Sarah Brooks wrote a wonderful article for the blog about being motivated and inspired through books. Take a look below, it's wonderful advice!
Reading means different things to each person picking up a book, creating highly personalized experiences that become difficult to separate from individual readers. Perception, experience, point of view and other personal perspectives become woven with the text as we read, leading to unique relationships between authors and those who read their works. Despite the personal nature of reading, there are some universal benefits to be enjoyed, including these reasons reading keeps you motivated and inspired.
Stimulate Creative Thought - Modern living presents challenges and obligations requiring our full attention, most times. Facing daily responsibilities and working out issues in our lives keeps us on point addressing tangible concerns, so creative thinking often falls by the wayside. Reading helps rejuvenate creative thoughts, helping us think in new ways. While daily deliberation is pedestrian and pragmatic, reading carries the potential for drama, suspense and even absurdity. Creativity provides the perfect contrast to mundane daily routines, so a good book or article furnishes a stimulating departure from pedantic rituals.
Learn Something about Yourself - Reading spurs introspection and helps us reflect on our own lives. Through characters, settings and plot lines, authors find ways to stimulate personal epiphanies; furthering our understanding of what motivates and inspires us. We read for many reasons, but even reading purely for enjoyments spurs contemplation within us, leading to expanded self-awareness and personal revelations.
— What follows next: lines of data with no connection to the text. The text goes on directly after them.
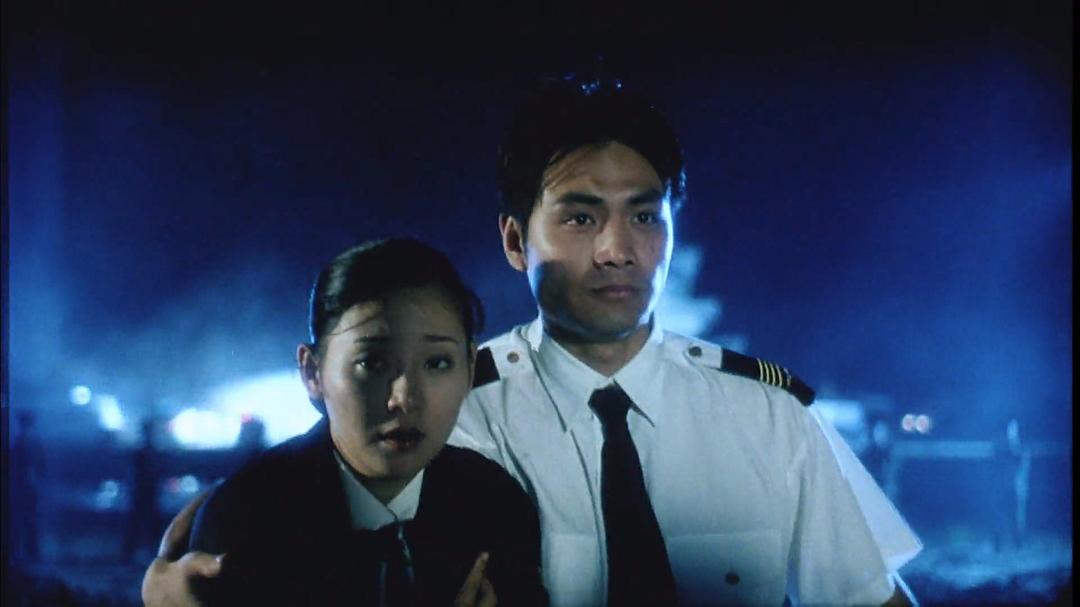 穿飞行员制服的男子与制服女子站在夜间救援现场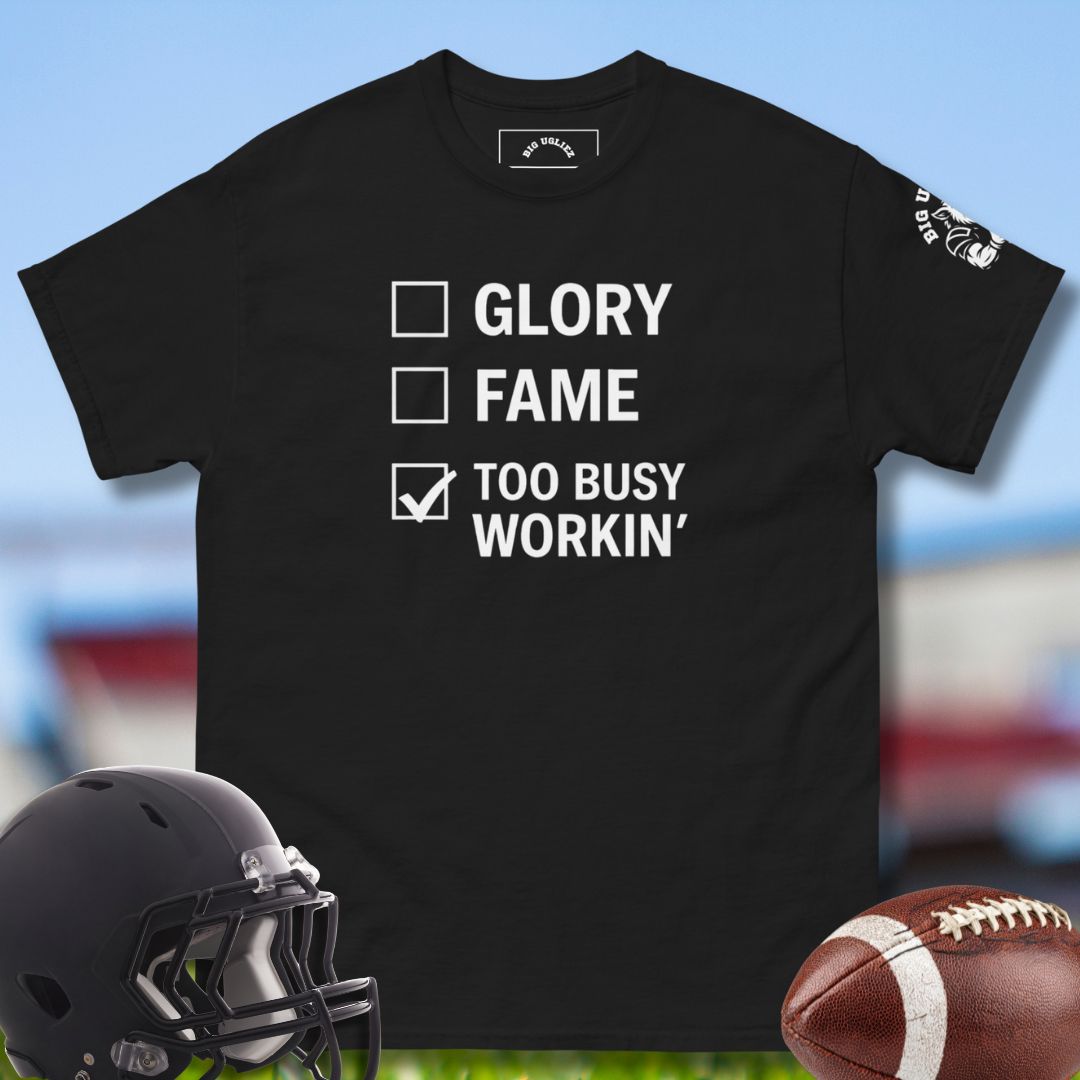 Black t-shirt with text 'GLORY, FAME, TOO BUSY WORKIN'' on a sports-themed background with helmet and football. For the football onlineman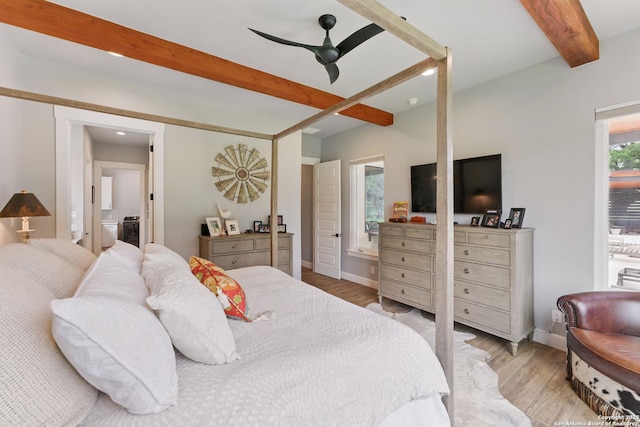 821 Bingham Ln, New Braunfels, TX 78132 - bedroom featuring ensuite bath, beam ceiling, baseboards, and light wood-style floors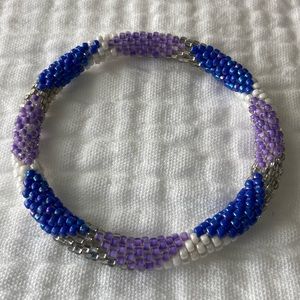 Purple, blue, white and silver beaded non stretch, roll on bracelet, like new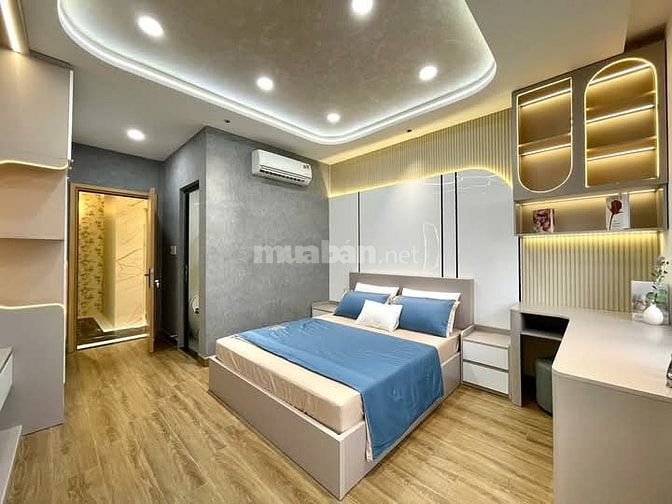 Nhà 4 x 11 đúc 1 lững 4 lầu có thang máy quang trung p11 gò vấp 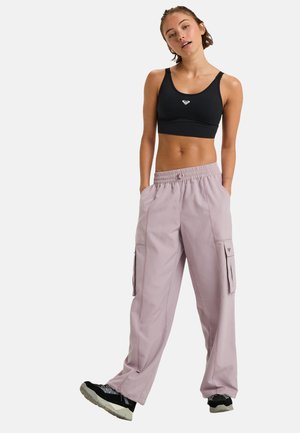Soutien-gorge de sport noir et pantalon cargo rose clair avec poches latérales. Les pantalons ont une coupe décontractée et une taille élastique, avec des accents de couture contrastants.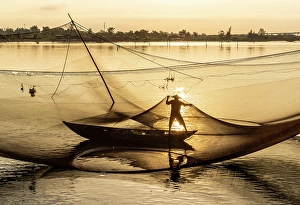 Hoi An Prints: Fisherman checking his net at sunrise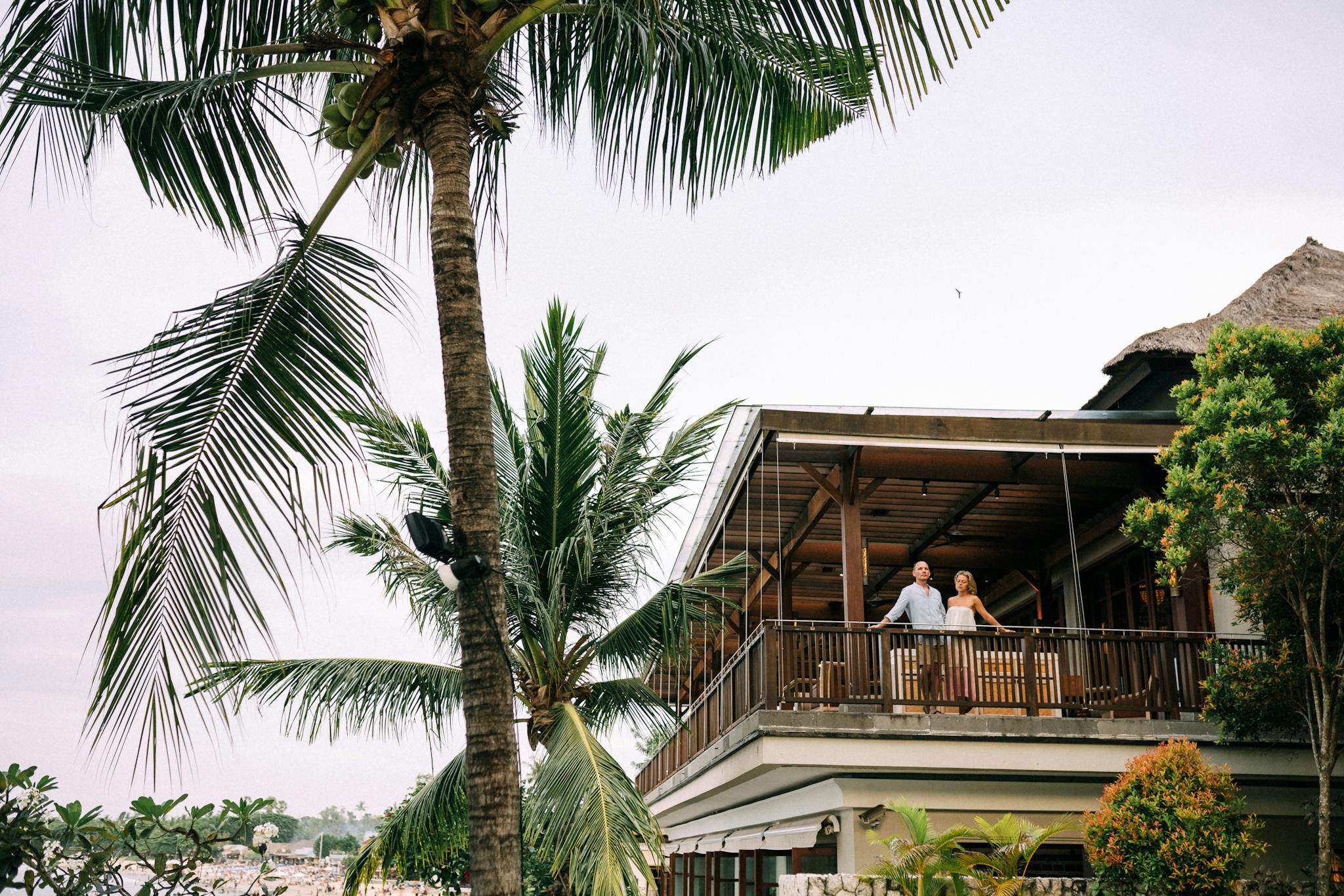 A couple enjoys a peaceful moment on a luxury resort balcony surrounded by palm trees.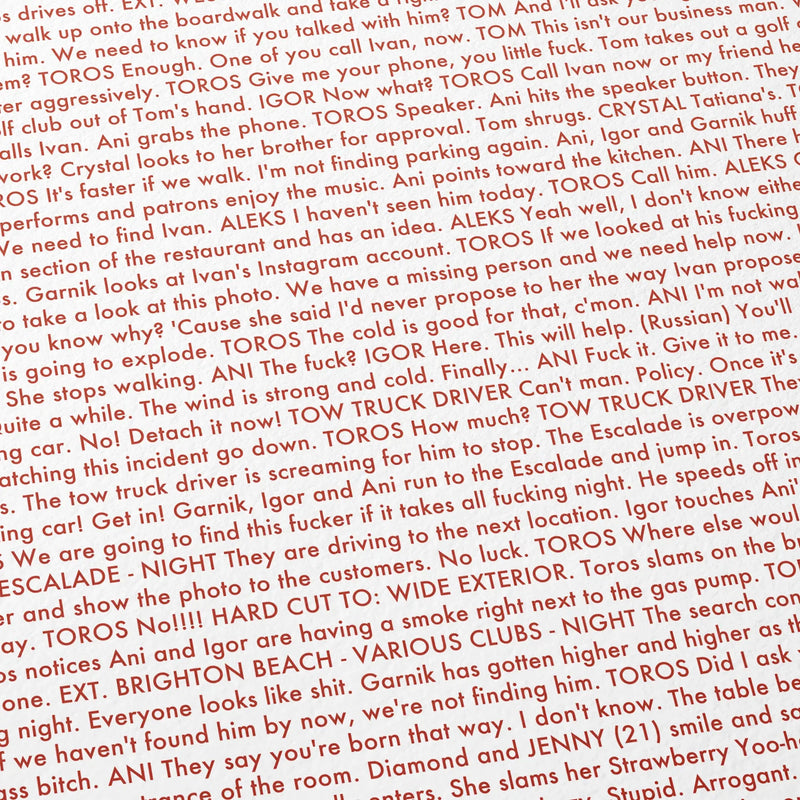 Close-up detail of the Anora movie script poster showing dense typographic text.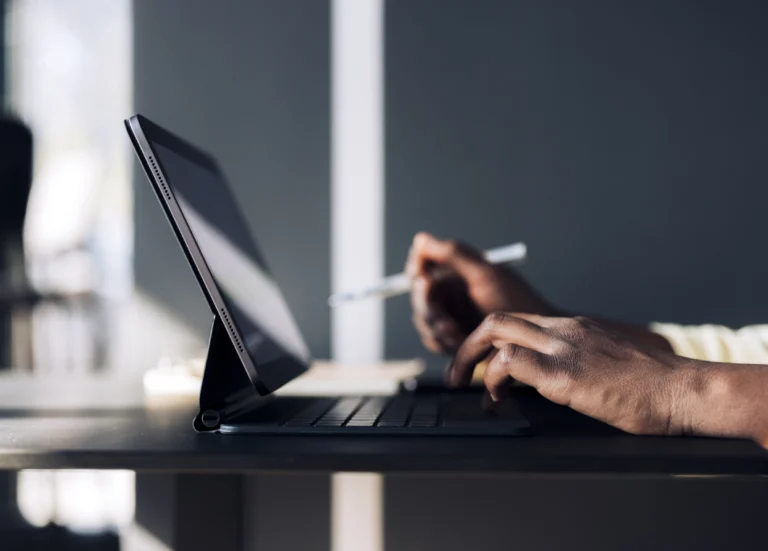 Close up of hands on a laptop using the RightSpend Marketing Procurement solution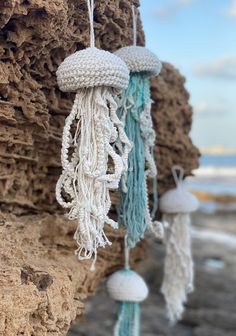 some white and blue decorations hanging from the side of a rock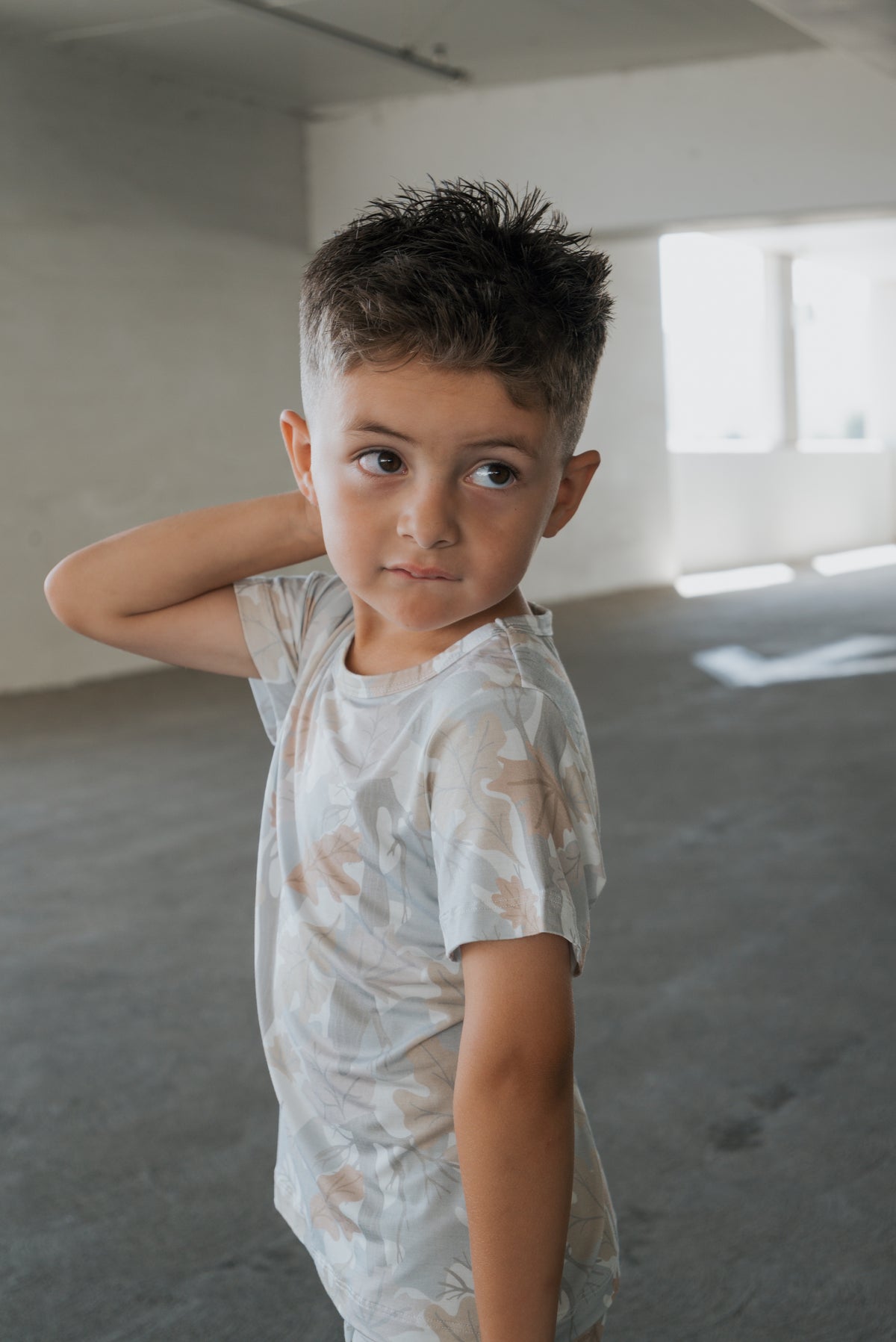 A young boy with short brown hair stands indoors, looking to the side with his hand resting on the back of his neck, wearing the Bamboo Short Set in Woodland by forever french baby.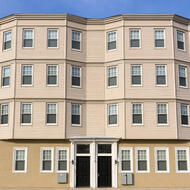A photo of 116–118 Whitfield Street, which adds eight family-sized units to Boston’s affordable housing portfolio.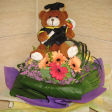 Graduation Floral Arrangements - 8 inches graduation bear (brown) with 10 Gerbera bouquet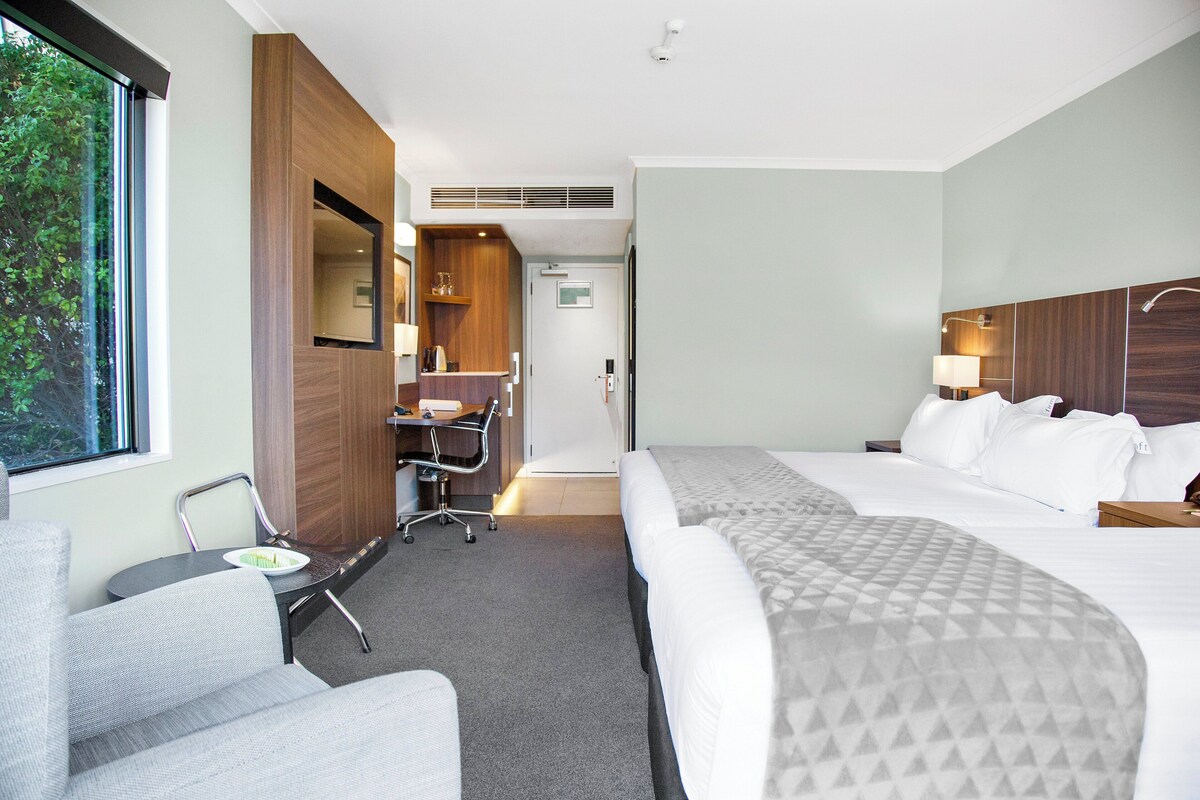 A hotel room with a bed, a desk, a chair, and a window.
Many times, a nugget gleaned from a piece of literature prompts us to dig deeper within the same subject matter, yielding additional opportunities for personal enlightenment.
Escape/Distraction - Physically stepping away from the stresses of work and domestic responsibilities is not always possible, so reading serves a valuable function helping people cope with the weight of modern living. Entering a reality created by an author allows us to step away from our own existence for a time, furnishing motivation and inspiration to apply to our own lives. The relaxing impact of reading actually helps mitigate stress in our lives, furnishing tangible assistance, at times. Consider the things that stress you out. Money, for example, is a common stressor, so reading a book or feature about financial management helps ease anxiety related to cash flow. Escaping our own circumstances also helps us empathize with others, as we walk through various scenarios created by authors. Though characters and settings may not be real, escaping to their contrived realities allows us to share their viewpoints as we read.
Satisfy Curiosity - Expanding your body of knowledge, even just to satisfy curiosity, is a vital function of reading. Whether you are responding to a particular notion, or simply reinforcing your understanding of broad subjects; reading makes you smarter. Even fiction exposes readers to new ideas and modes of thinking, so learning new things happens passively for readers, who stumble across enlightenment without even trying.
Travel Without Leaving Home - Travelers draw inspiration from the people and places they visit. While it isn't the same as actually being there, reading enables us to place ourselves in entirely new settings, without ever leaving home. Visiting new locales isn't always possible in real life, so taking excursions through reading furnishes the next best option. In fact, new worlds created by authors sometimes stand alone in fiction, so visiting them in person is not even possible.
Reading inspires us in individual ways, furnishing avenues to explore using our own personal perspectives, experiences, and desires. The transformative power of reading helps us understand ourselves and the world around us, providing distractions and pathways to knowledge.